Have you actually tried these tires with that rim? I just bought a 2009 Redline Proline Micro and I'm trying to understand the tire options. The rims are Sun M13II 18 x 1. Thanks.


----------



## DLMKA (Aug 23, 2007)

I bought my son a Redline micro mini a few years ago and took it back the next day in exchange for the mini. I didn't realize it had 18" rims until I got it home. He grew out of the mini, upgraded to a Junior and this summer went to a 13" frame 26" wheel MTB. I have other kids that ride the BMX bikes still but none have shown interest in racing BMX.


----------



## successservice (Jul 15, 2014)

Hi everyone I am looking for the Sun Assault 18 x 1 inch rim. I have been trying to find it and am told it is best just to get from someone who has up graded from that original wheel

Thanks

Eric Mobley

323-440-4331


----------



## rockbronc (Sep 13, 2014)

Great Thread Here. I have also been contemplating switching the 1 3/8" tire conversion on a micro mini that is now retired as a racer but we use for the kids to ride to school. The primo slics are great tires but don't handle sand, gravel, wood chips, and wide cracks well.

Great tip Mako74 on the tires. I decided to try it out. Here is the scoop:

The Raleigh Record tires are difficult to get in the states, even hard to find a vendor that would ship them. We had a friend in London pick up a set and drop them off when they came into town.

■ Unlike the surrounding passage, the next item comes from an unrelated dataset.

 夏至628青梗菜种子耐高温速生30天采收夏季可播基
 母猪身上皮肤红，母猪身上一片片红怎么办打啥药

The tire mounting was pretty straight forward other than a little tight bead, talc helped a lot to ease the process. I couldn't find presta 1 3/8" tubes locally so I just went with 18x1" and they work OK, but may not have great durability. I actually think a tubeless conversion would be the way to go, but already had tube so I didn't spend an extra $40 on the kit.

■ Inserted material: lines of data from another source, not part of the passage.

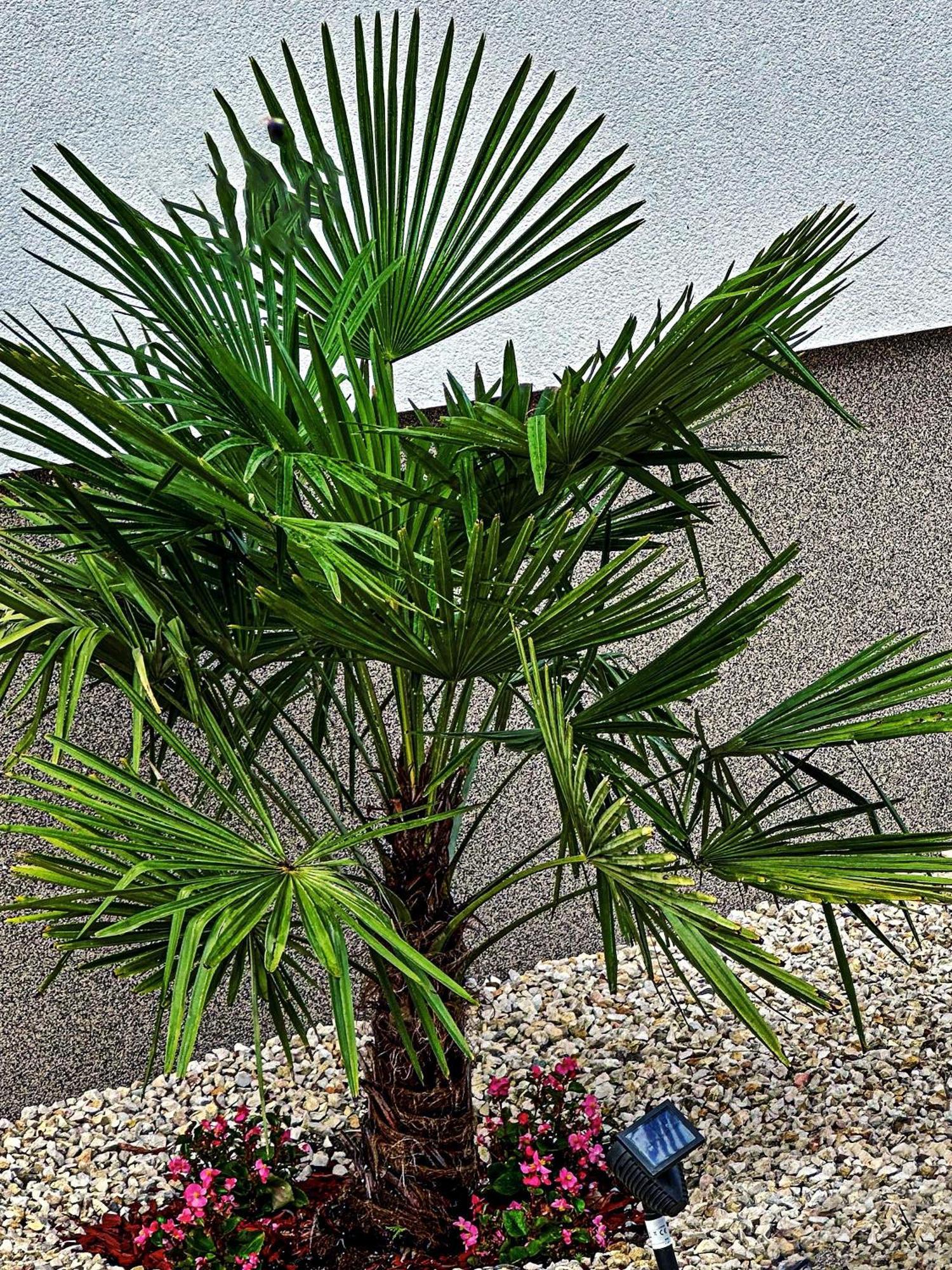 Vintiamo Apartmanok エゲルサローク エクステリア 写真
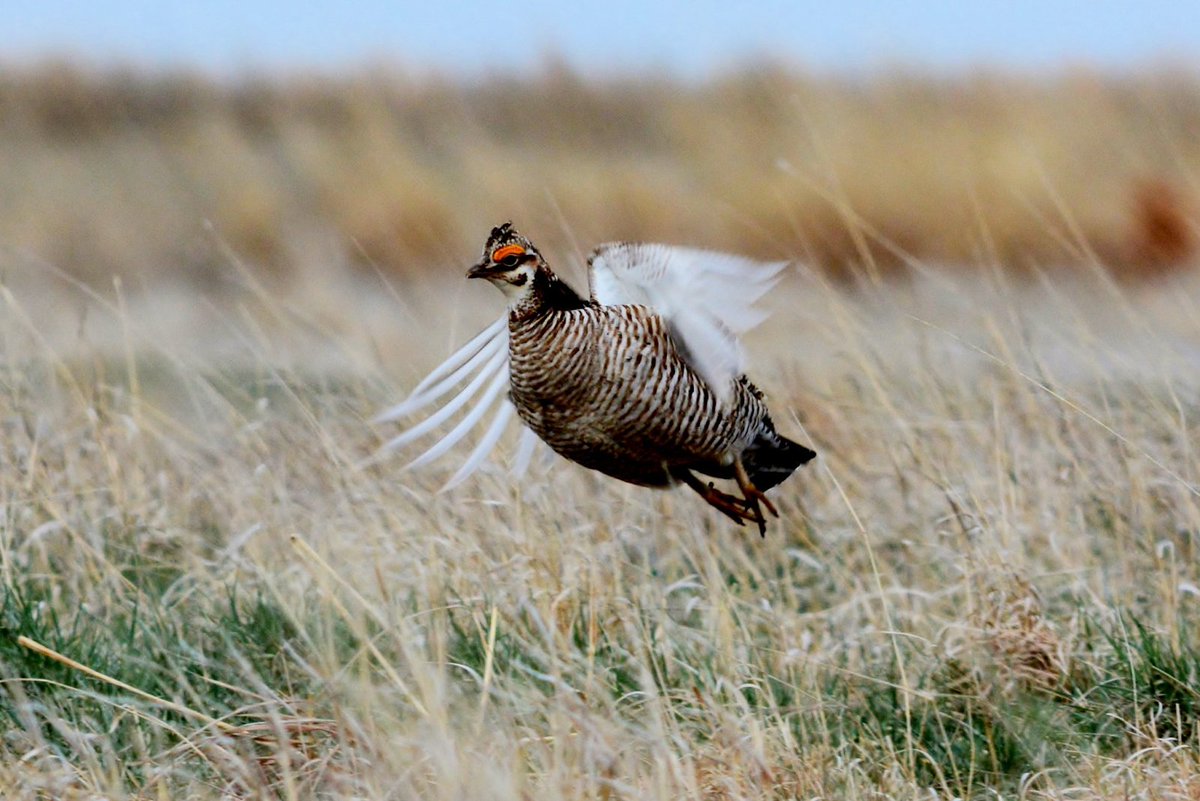 GovofCO's tweet image. I am in Lamar today to see one of the most amazing birds we have here in Colorado. The Lesser Prairie Chicken calls southeastern Colorado home, and we are taking action to protect their habitat, regrow vegetation in the area, and help support the population. Thank you to Colorado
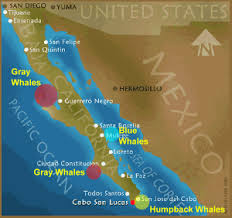 Mexico's Baja California Area - via Daymix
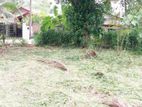 Residential Land for Sale in Kalagedihena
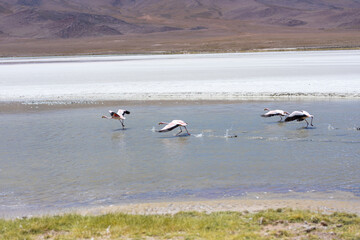 Flamingos in einer Lagune in der Salar de Uyuni in Bolivien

I immediately ran into a problem trying to mount the front wheel as the tire didn't clear the fork crown/steerer tube. I debated heavily if I really wanted to modify the fork, but ended up choosing to. I figure its hard to hurt the value of the bike too much since it has already been raced quite a bit and now been used as an around town bike.

My main concern about modifying the fork was whether I could do it safely without compromising the weld integrity. I determined I could and set out with an angle grinder and a metal half round file. The other concern about this is did I really want to do all this work and then have to paint the fork...seriously just to fit some bigger tires...but I dove in.

The project turned out great, and my daughter loves the new wider tires for riding. If you are up for a little project, the Raleigh tires are a nice upgrade for non hardpack racing.

I would love to hear if anyone does a tubeless conversion.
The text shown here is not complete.